El mercado estaba casi desierto cuando Korthac lo cruzó y se dirigió hacia la puerta del río. En su camino se encontró con varios de los soldados de Akkad, la mayoría de ellos sin armas, y ninguno de ellos le prestó la más mínima atención. Korthac ya conocía su rutina. Habrían terminado sus obligaciones del día y cenado en los barracones. Ahora irían a sus tabernas favoritas a disfrutar de unas horas de esparcimiento antes de irse a la cama a dormir una noche más.
Al llegar a la puerta trasera de Akkad, Korthac la encontró entornada. Aunque ambas puertas debían haber estado cerradas a la caída del sol, la puerta del río con frecuencia permanecía abierta unas horas más. Los guardias habían cerrado una hoja, pero la otra seguía abierta. La gente continuaba entrando y saliendo, algunos yendo hasta el río a bañarse, mientras otros caminaban por la orilla, paseando o realizando negocios de índole personal.
Ardía una fogata al lado de la puerta, junto a un puñado de antorchas. Korthac vio a uno de sus otros cuatro hombres sentado contra la pared, pasando tan desapercibido como cualquier mendigo. El hombre alzó la mano derecha a modo de saludo y Korthac asintió. Esa señal significaba que todos los hombres estaban listos y en sus puestos. Korthac se fijó en que sólo dos guardias permanecían controlando el acceso, asegurándose de que no entraran extraños al anochecer.
La creciente oscuridad lo hacía difícil, pero Korthac contó a no menos de siete soldados junto a la puerta. Habitualmente un grupo de diez aseguraba la entrada, pero el número variaba y había noches en las que apenas cinco hombres atendían la guardia. Sin prisa, subió los escalones hacia el lado derecho del parapeto. Uno de sus guardaespaldas lo siguió, el que llevaba el fardo más largo, mientras que el otro se quedó abajo.
Arriba tres soldados montaban guardia, mirando hacia los muelles y a quienes entraban y salían. El jefe de la puerta se acercó a Korthac. Las órdenes estipulaban que solamente los soldados podían estar en la muralla, pero se podían hacer excepciones, sobre todo con un rico mercader que quisiera ver el río y al que no le preocupara deshacerse de unas pocas monedas.
—Saludos, honorable Korthac —dijo el hombre—, ¿en qué puedo ayudarlo esta noche?
Korthac había subido aquella escalera al menos una vez al día en las últimas semanas, para ofrecer, según explicaba, sus oraciones al dios del río. Cada rezo, siempre breve, terminaba con una moneda de cobre para el centinela.

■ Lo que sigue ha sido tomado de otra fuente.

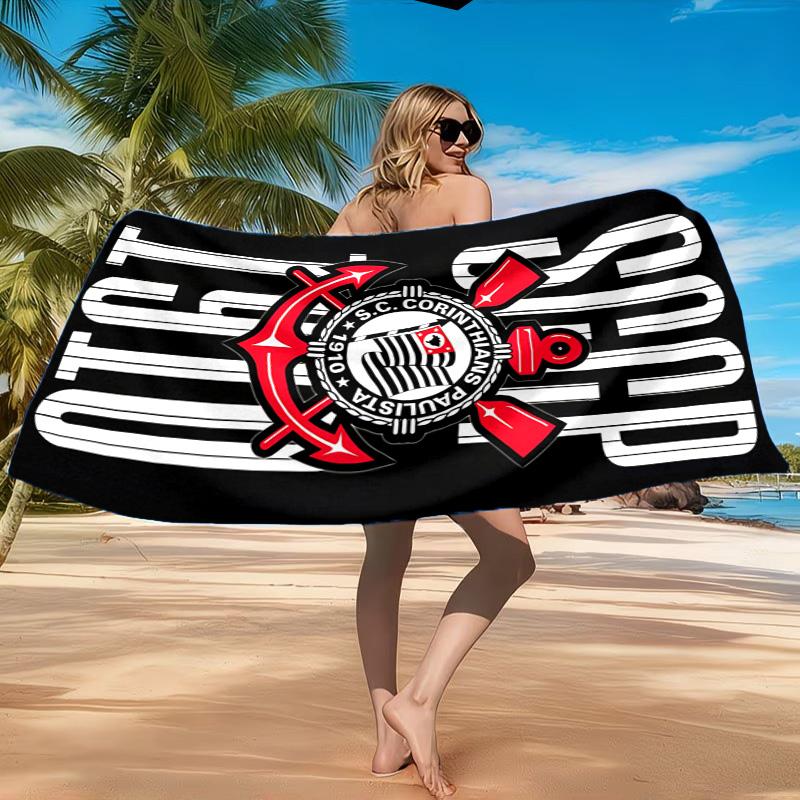 Sport Club Football Crest Printed Microfiber Beach Towel, Soft And Absorbent, Quick-Dry, Ideal for Summer Travel, Beach Essential, Swimming Pool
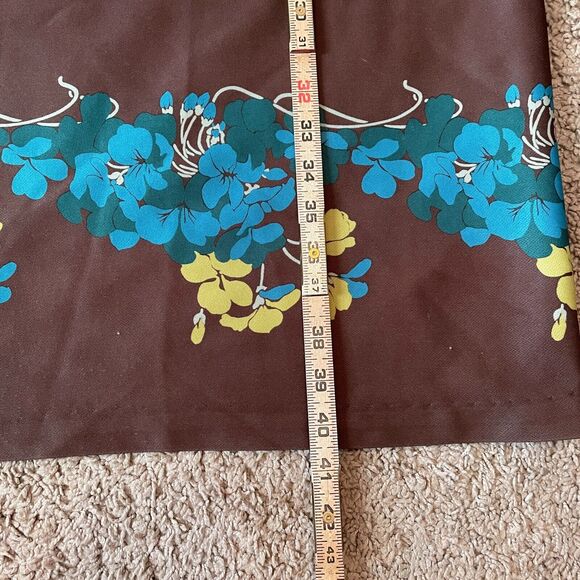 Vintage Boho Dress Size Medium Floral Brown Blue Off Shoulder 70s Retro Hippie - Picture 16 of 16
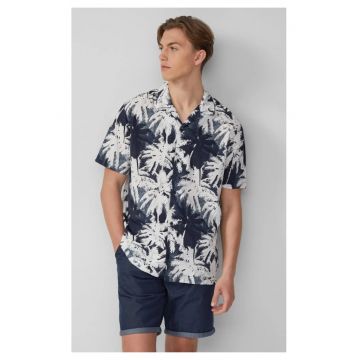 Q/S by s.Oliver Camasa barbati cu imprimeu tropical si croiala Regular Fit - Alb/Albastru -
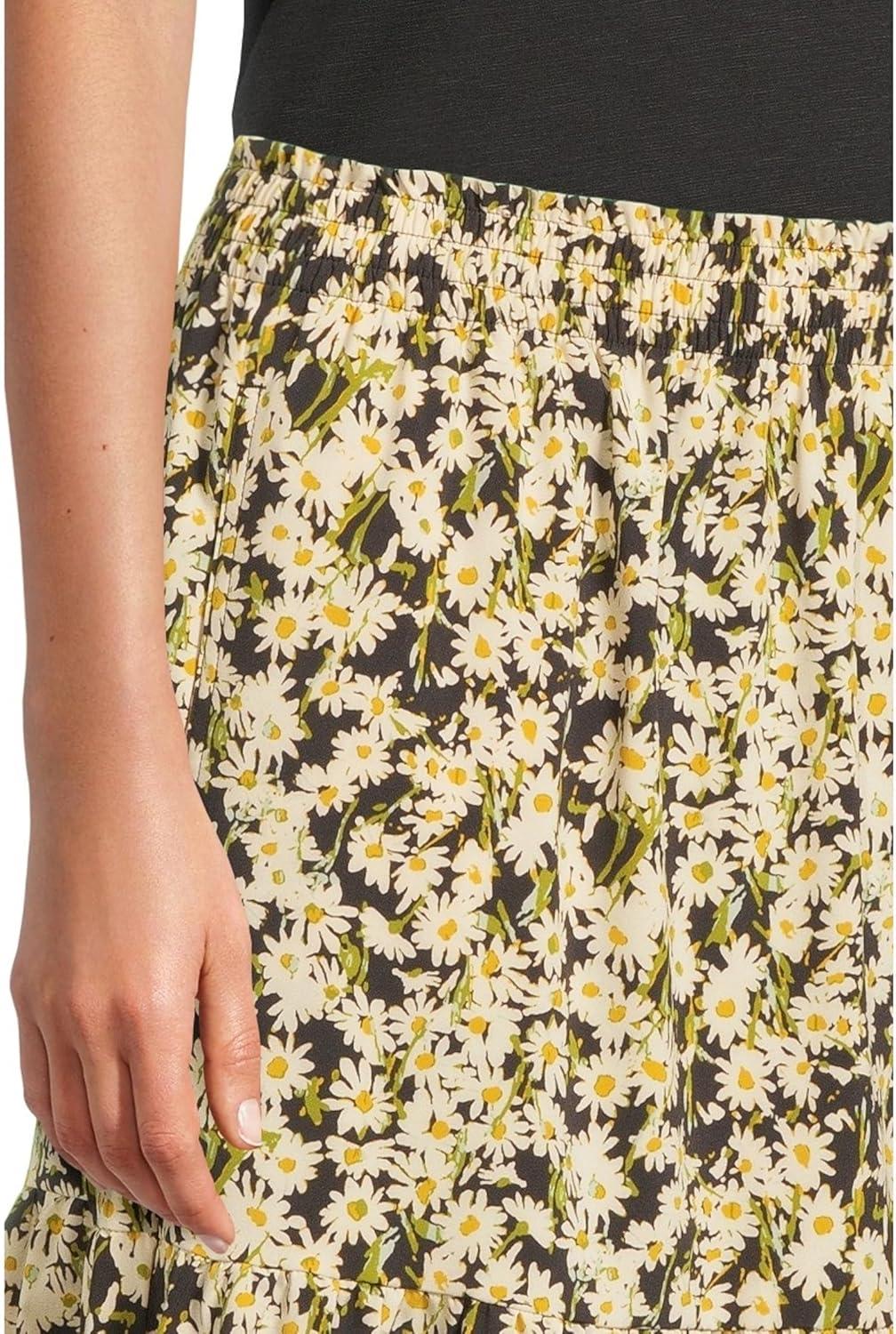 image:imageToadampCo Womens Sunkissed Tiered Midi SkirtBarley Daisy Field Print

—Saludos a ti y a tus hombres —respondió Korthac con una sonrisa—. Esta noche tengo que hacer una ofrenda especial a Enki, el dios del río, para agradecerle el envío favorable que me ha entregado hoy. —Korthac hizo un gesto a su guardaespaldas, quien se quitó el fardo que cargaba sobre el hombro y luego se volvió hacia el guardia—. ¿Podrías ayudar a mi sirviente con la ofrenda?

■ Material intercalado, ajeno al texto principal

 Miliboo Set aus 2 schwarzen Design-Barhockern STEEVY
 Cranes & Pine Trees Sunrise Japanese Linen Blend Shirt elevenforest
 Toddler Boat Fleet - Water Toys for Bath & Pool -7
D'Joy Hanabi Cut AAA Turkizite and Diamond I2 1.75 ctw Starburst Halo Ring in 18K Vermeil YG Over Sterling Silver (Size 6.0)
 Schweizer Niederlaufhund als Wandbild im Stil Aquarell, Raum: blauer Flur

Los otros dos guardias, curiosos ante el nuevo ritual, se acercaron, mientras el guardaespaldas se arrodillaba para abrir el fardo. Korthac se puso detrás de ellos, con la mano en su puñal. Cuando abrieron el fardo, Korthac atacó, moviéndose tan rápido que apuñaló a los dos guardias antes de que pudieran reaccionar, y sólo se pudo escuchar el sonido de sus gemidos. El jefe de la guardia murió al mismo tiempo, con una mirada de sorpresa en el rostro, cuando el guardaespaldas de Korthac sacó una espada del fardo y se la hundió en el estómago. El hombre murió sin siquiera desenvainar su espada y, lo que era más importante, sin dar la alarma.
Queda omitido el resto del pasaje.